A simply-supported beam has a 5 kip/ft uniformly-distributed load over the entire 10-ft span. What is the magnitude of the maximum shear force in the beam?

Use ACI 318-14 Table 25.4.2.2 to determine the development length for the straight tension bars (no hooks) in a rectangular beam with b = 17 in. and d = 20 in., five galvanized No. 9 Grade 60 bars placed in the bottom of the beam, and No. 4 Grade 60 stirrups located every 8 in. along the span. Assume 7,000-psi lightweight concrete and a clear cover of 1.75 in.

Determine the epoxy modification factor, ψe, for a rectangular beam with b = 17 in. and d = 21 in., five uncoated No. 8 Grade 60 tension-reinforcement bars placed in the bottom of the beam, and No. 4 Grade 40 stirrups located every 6 in. along the span. Assume 5,000-psi normal-weight concrete and a clear cover of 2 in.

For a beam with stirrup hooks, the free end of the bar must extend at least _____ from the hook. Assume b1 = 39 in., b2 = 16 in., d1 = 4 in., d2 = 29 in., and that there are three No. 9 longitudinal tension bars and No. 4 stirrups at 11 in. o.c. The stirrup hooks are 90°.

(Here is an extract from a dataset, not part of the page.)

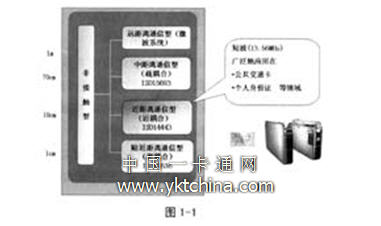 非接觸IC卡的分類(lèi)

At a point subjected to plane stress, the stresses are σx = 25 ksi, σy = 5 ksi, and τxy = –20 ksi. Determine the angle θp corresponding to the orientation of the principal planes at the point.

A continuous beam’s flexural reinforcement must extend at least _____ from the point where it is no longer needed to resist tension. Assume f’c = 4,000 psi, fyt = 40,000 psi, b1 = 28 in., b2 = 10 in., d1 = 4 in., d2 = 19 in., and that there are three No. 7 longitudinal tension bars and No. 5 stirrups at 12 in. o.c. The stirrup hooks are 90°.

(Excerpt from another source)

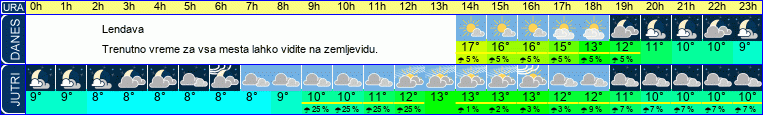 vreme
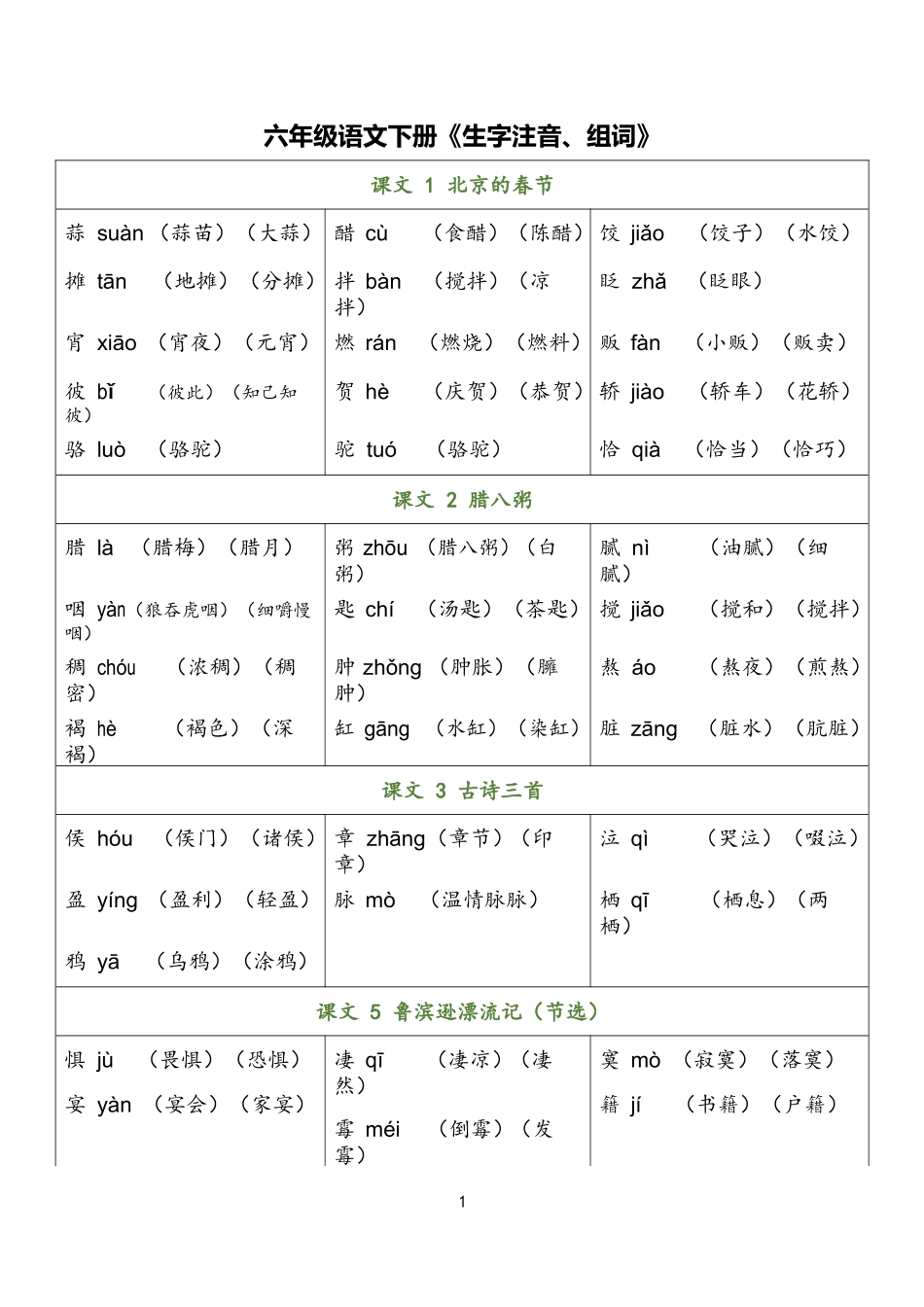 六年级语文下册《生字注音、组词》.docx_第1页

A continuous beam’s flexural reinforcement must extend at least _____ from the point where it is no longer needed to resist tension. Assume f’c = 4,000 psi, fyt = 40,000 psi, b1 = 28 in., b2 = 15 in., d = 23 in., h1 = 6 in., h2 = 13 in., h3 = 9 in., and t = 6 in. There are four No. 8 longitudinal tension bars and No. 3 stirrups at 9 in. o.c.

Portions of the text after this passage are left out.